Si des explications de ce genre lavent facilement Homère du soupçon de daltonisme, il n’est pas moins chimérique de chercher dans la comparaison de ses poèmes avec des ouvrages postérieurs la trace d’une modification de l’organe visuel. C’est à tort qu’on a prétendu que le sens des mots χλωρός, πράσινος, κυάνεος était allé se précisant depuis Homère jusqu’à Aristote ; lus sans parti pris, les textes prouvent le contraire. Bien plus, le mot cæruleus, équivalent exact de κυάνεος, est employé par les Latins de toute époque aussi licencieusement que le mot grec : c’est Ovide qui l’applique aux chevaux de Pluton, c’est Virgile qui parle de la barque « bleue » de Charon. On ne voit donc pas ici d’indice d’une évolution, et cependant Magnus ne va pas jusqu’à prétendre que les contemporains d’Auguste ne distinguaient pas le bleu du noir. Autre objection : Magnus et Geiger assurent que la perception nette des couleurs plus réfrangibles a précédé celle des autres ; mais comment expliquer alors que les mots purpureus, flavus, fulvus, πορφύρεος, φοινίκεος, πυρρός, ξανθός, etc., présentent une latitude de signification aussi grande, plus grande peut-être, que cœrelus et ses analogues ?
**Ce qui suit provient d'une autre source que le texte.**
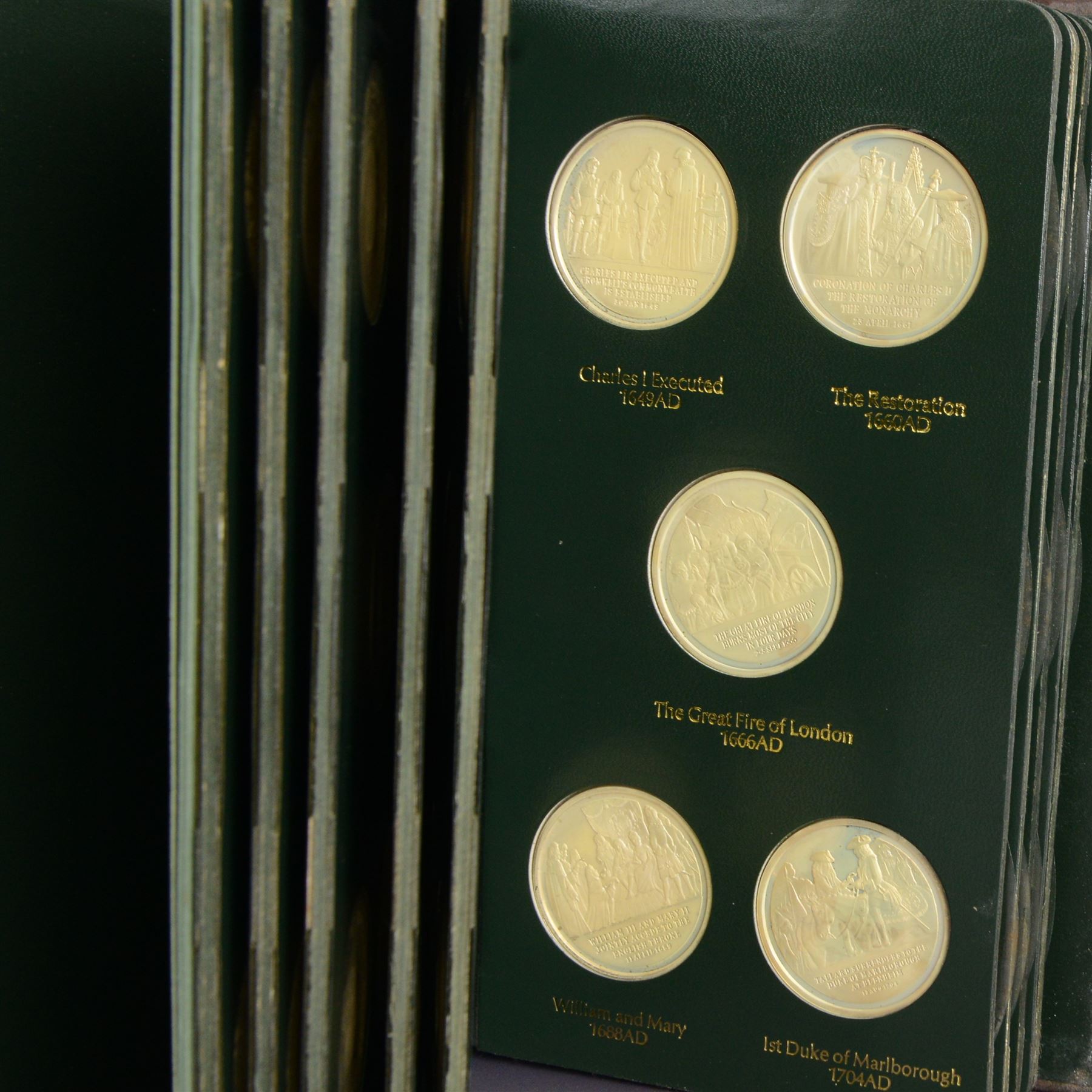 Limited Edition Danbury Mint 'History of the English Speaking Peoples' complete set of fifty silver medallions, each depicting historical figures and scenes from Julius Caesar Lands 55BC to Second World War 1939AD, contained within leatherette folder with personalised presentation to cover and interior, no. 2780/7500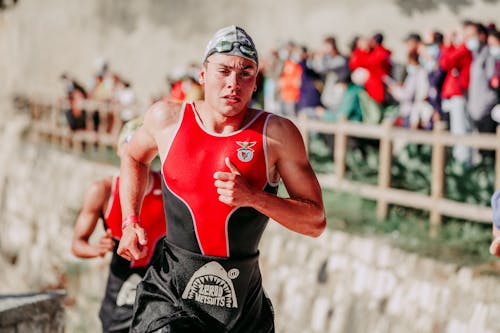 Muscular sportsman running after swimming during competition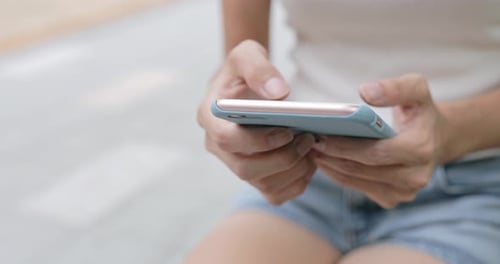 Woman Scrolling on Cell Phone in Urban Setting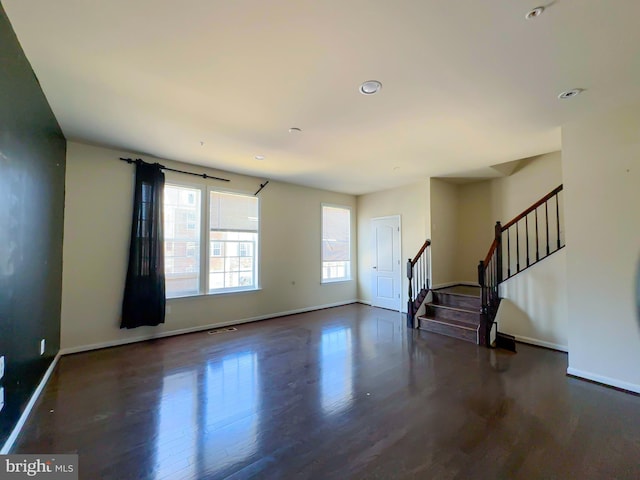 unfurnished living room featuring baseboards, visible vents, wood finished floors, and stairway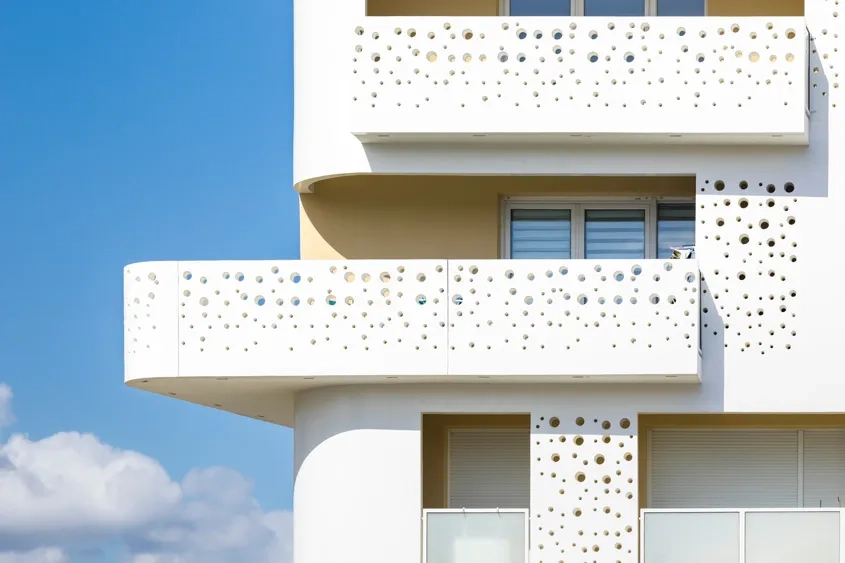 Des panneaux préfabriqués en béton perforés de trous de différents diamètres viennent au niveau des balcons et des loggias. Ils jouent un rôle de filtre et préservent l’intimité des logements.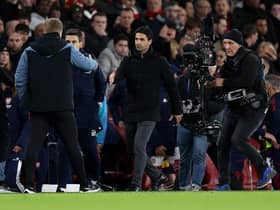 Mikel Arteta manager of Arsenal shakes hands with Eddie Howe manager of Newcastle United during the Premier League match between Arsenal FC and Newcastle United at Emirates Stadium on January 03, 2023 in London, England. (Photo by Julian Finney/Getty Images)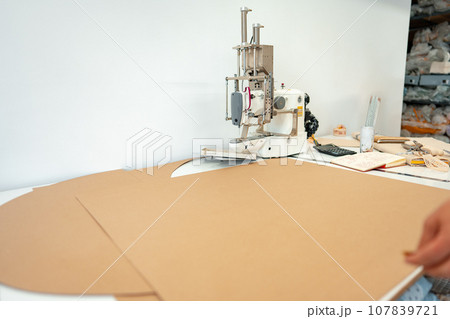 Seamstress working with fabric in sewing factory close up 107839721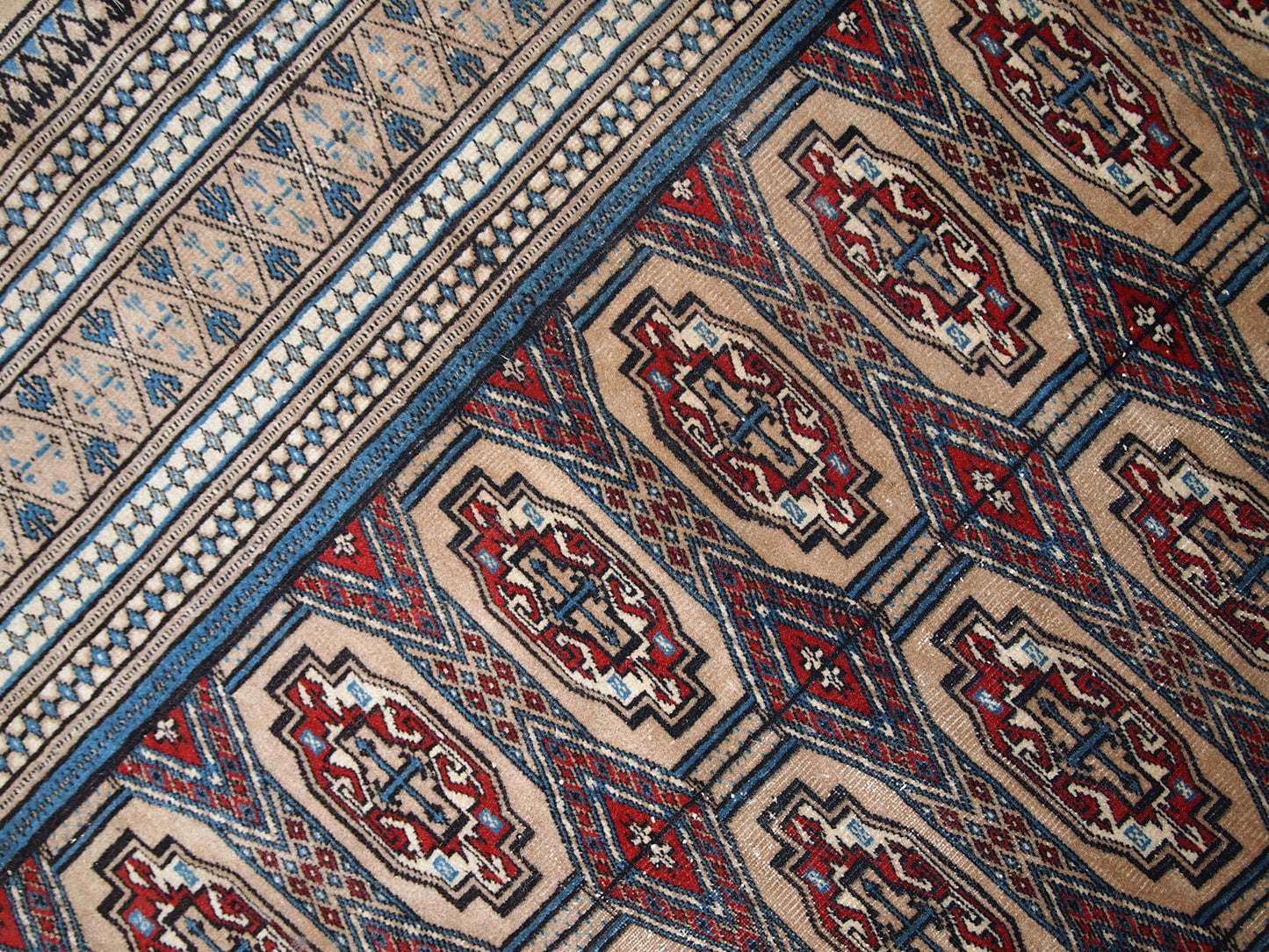 Handmade vintage Uzbek Bukhara rug in original good condition. The rug is from the middle of 20th century in brown and burgundy shades.
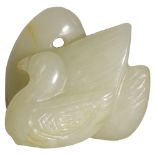 A CHINESE CELADON JADE GOOSE AND GOSLING carved side by side, recumbent with legs tucked under the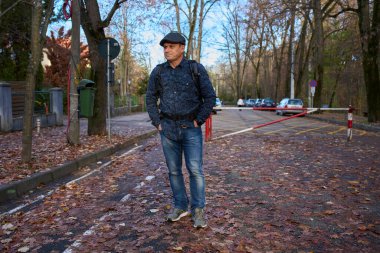 Sırt çantalı orta yaşlı bir adam sonbahar caddesinde park girişinin yanındaki yapraklarla kaplı yürüyor.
Concluons de tout ceci que les anomalies relevées dans le langage des anciens, quand elles ne sont pas une pure illusion provenant de notre ignorance, s’expliquent tantôt par la formation capricieuse et peu méthodique de toute langue populaire, tantôt par l’incertitude où les anciens étaient sur les principes d’une classification rationnelle des couleurs ; cette incertitude, qui n’a pas encore disparu malgré les progrès de la science, se traduit également dans les langues modernes par bien des expressions vagues ou inexactes dont l’habitude seule nous empêche d’être offusqués. Rien, dans tout cela, n’autorise sérieusement l’hypothèse d’un daltonisme primitif. Les autres arguments historiques invoqués par Geiger et Magnus ne sont pas plus probants dans ce sens. Ainsi le passage cité de Pline montre bien que les premiers peintres n’étaient en possession que de procédés très élémentaires pour reproduire les couleurs de la nature, mais il n’en résulte nullement qu’ils ne distinguassent pas exactement ces couleurs[1]. De

  1. Au reste, si, comme tout porte à le croire. Pline entend par noir un bleu foncé, les quatre couleurs qu’il indique suffiraient, convenablement combinées à produire toutes les nuances usuelles. Rubens et Titien, les deux plus grande coloristes qui aient été, avaient des palettes remarquables par leur simplicité.